# rubbing the buck with a rag?



## Caitlin (Jan 15, 2013)

I was told to find out if your doe is in heat you can rub a rag on the buck and let the does smell it and they'll do something.
Is this true? And what am i suppose to look for if.they are in heat?


----------



## hallsthirdacrefarm (Mar 30, 2011)

Buck rags have never worked for me...they always act interested in the rag...it's smelles like a strange goat. NOW...If I take the buck rag and rub it on my wether...they have shown more interest in him which has indicated heat for me. You are looking for lots of interest...tail flagging, lip curling, baaing, calling. I did have one doe that got excited and looked behind me to see if there was aboy coming...so that helped...but a real live boy is a better tease. 

Usually I know anyhow...they call and yell more often, back up to us or squat and pee right in front of us, sniff their own pee and do the flehmen/lip curl thing, mount other does and act...well...crazy


----------



## sweetgoats (Oct 18, 2007)

I have done the buck rag with great success. Take that rag and make sure it smells really good (bad). Go all over their head and where they pee on themselves.
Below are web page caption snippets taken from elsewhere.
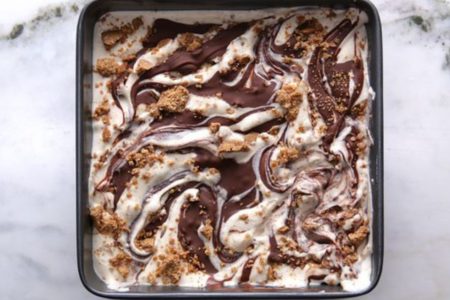 Torta de avelã com sorvete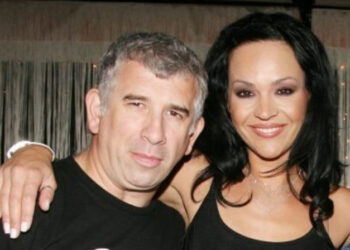 «Βόμβες» από Νικολέττα Καρρά: Αποκάλυψε όλα όσα έκανε ο Πέτρος Φιλιππίδης στο 50-50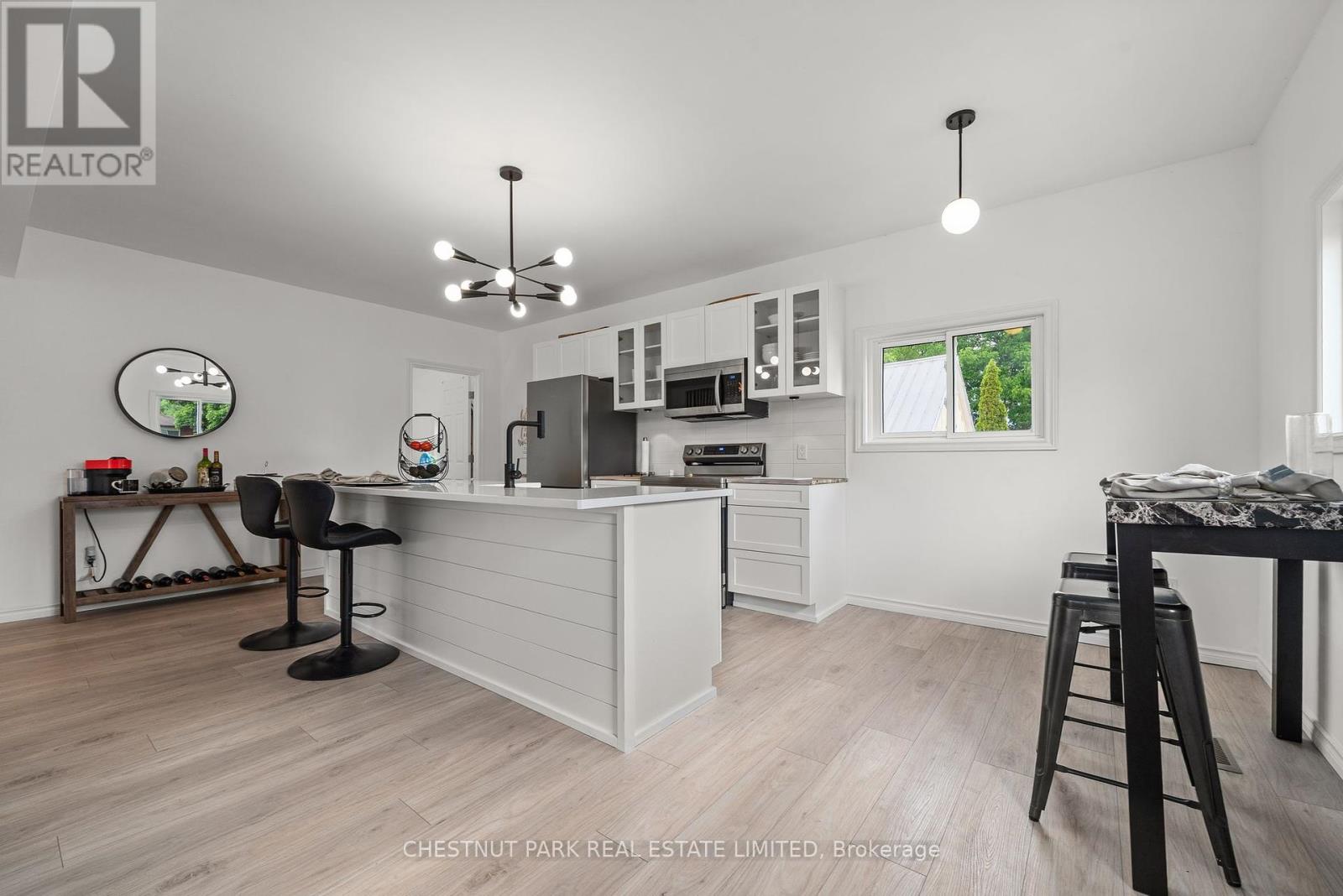 33 Broad Street, Prince Edward County, Ontario  K0K 2T0 - Photo 17 - X12299336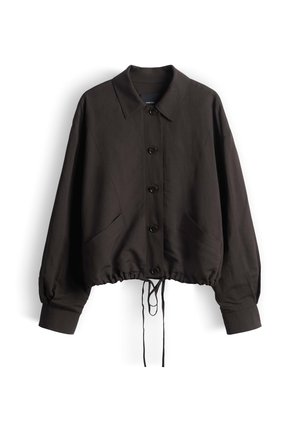 Zwarte blousejas met lange mouwen, kraag, twee voorzakken en verstelbare trekkoorden aan de zoom.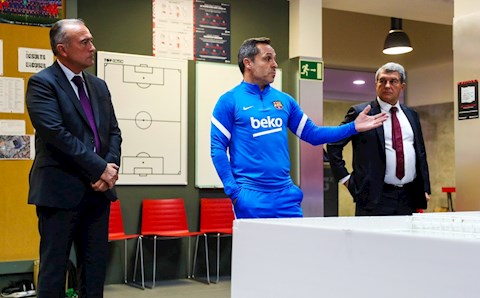 Tân HLV Barcelona ra mắt phòng thay đồ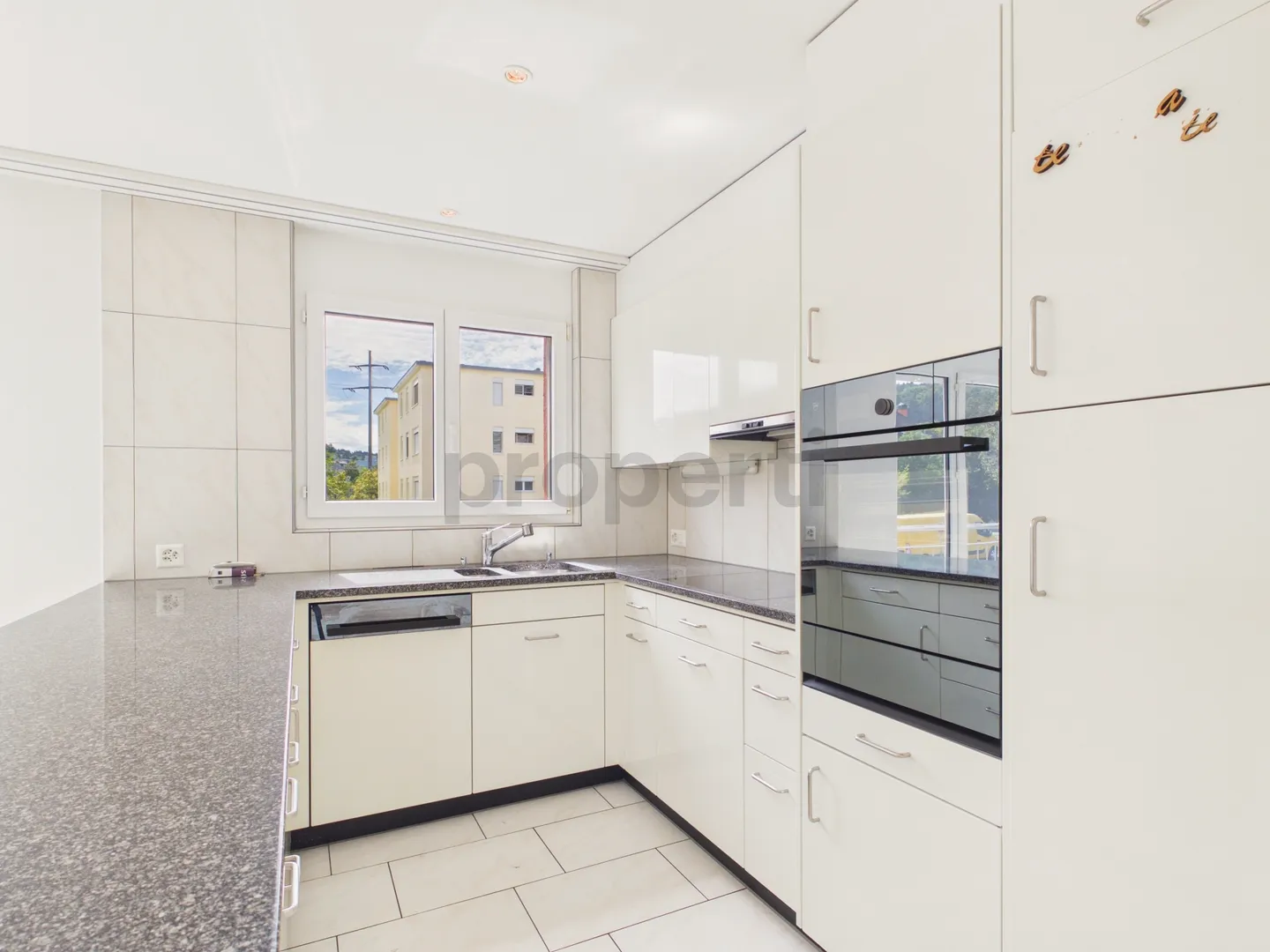 Appartamento moderno con balcone - Foto 4 di 10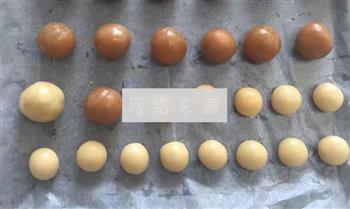 简易广式莲蓉蛋黄月饼的做法图解5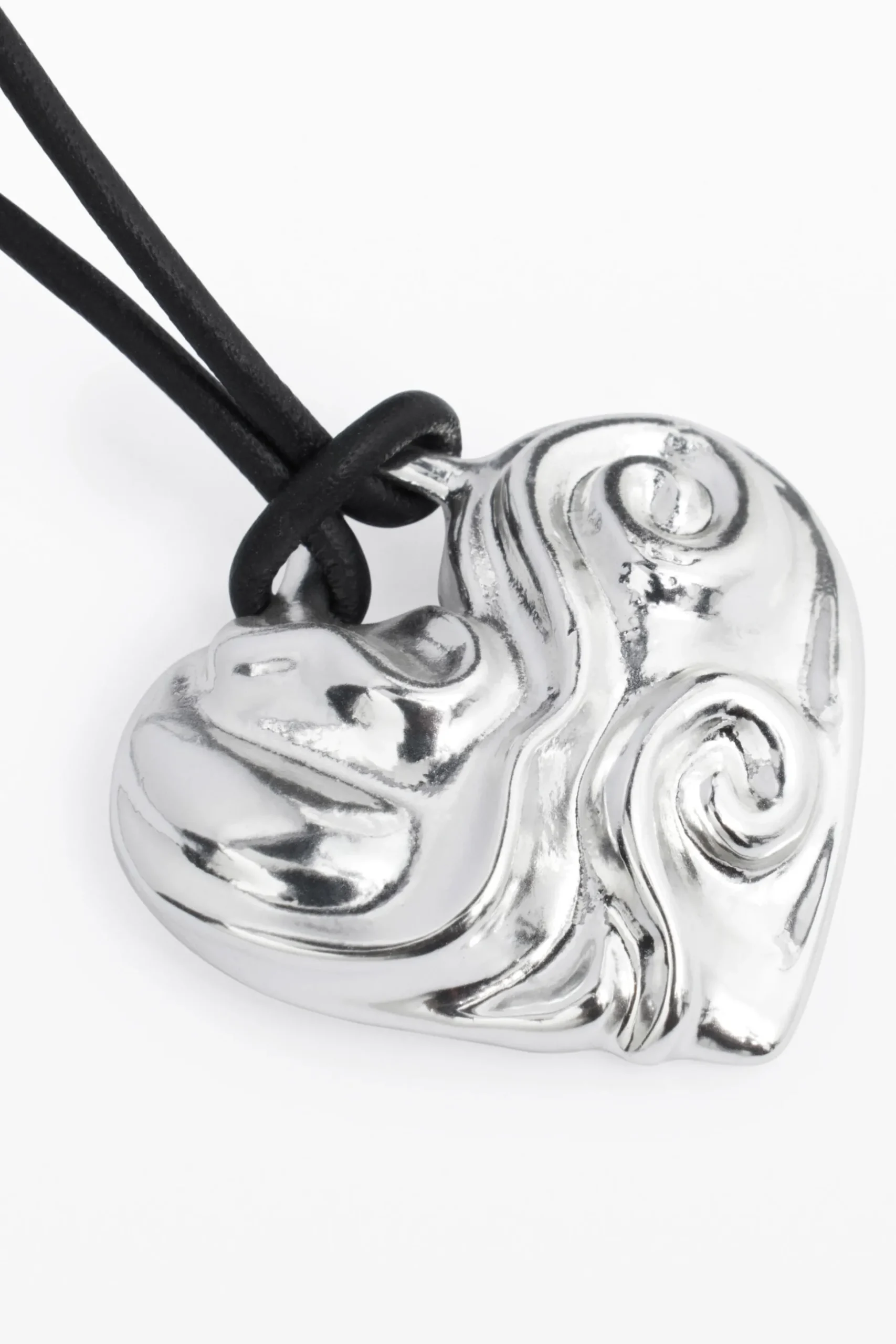 Zalio silver-plated heart pendant with cord
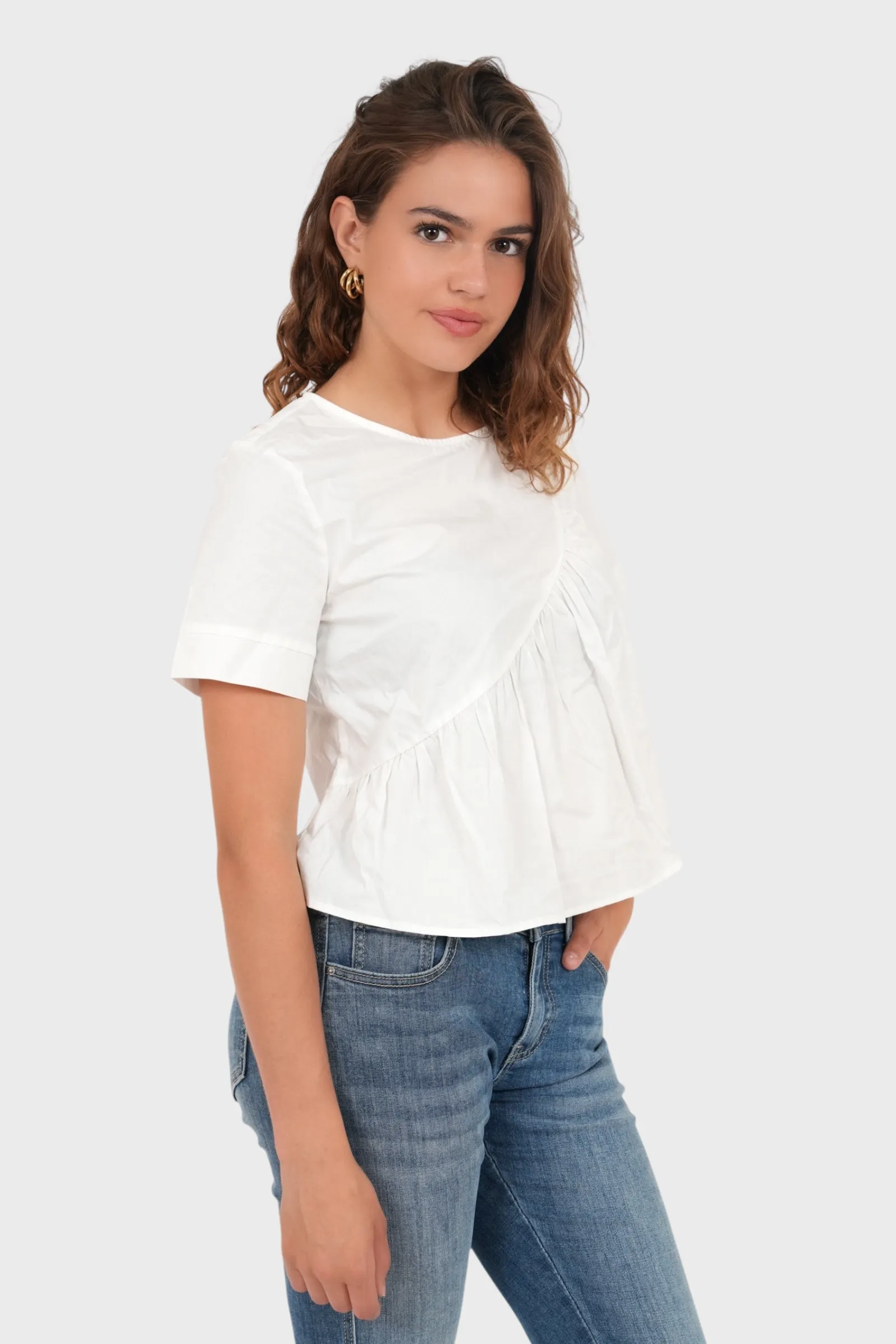 "Sofia" top white sold by Meet Me There product image thumbnail 3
The purpose of the rag is to see when the doe is in heat, it will not bring her in. If she smells the rag and starts wagging her tail, mine have pawed at the rag, then you know they are in heat or going in.


----------



## Caitlin (Jan 15, 2013)

Ok well i gess ill try it then. Thanks


----------



## mjs500doo (Nov 24, 2012)

We used a "wife beater" and made one of the meat wethers wear it around. Lol poor guy!


----------



## happybleats (Sep 12, 2010)

Ive used the rag with success..as Lori said..it wont bring them in heat but my girsl will "flirt" with it...or just show more interest init. I have a few girls who can care less lol...but for the most part..it works..It does have to be real smelly....I do like the idea of the wether...but feel sorry for him..like taking a girl tothe prom but never getting to dance with her lol...


----------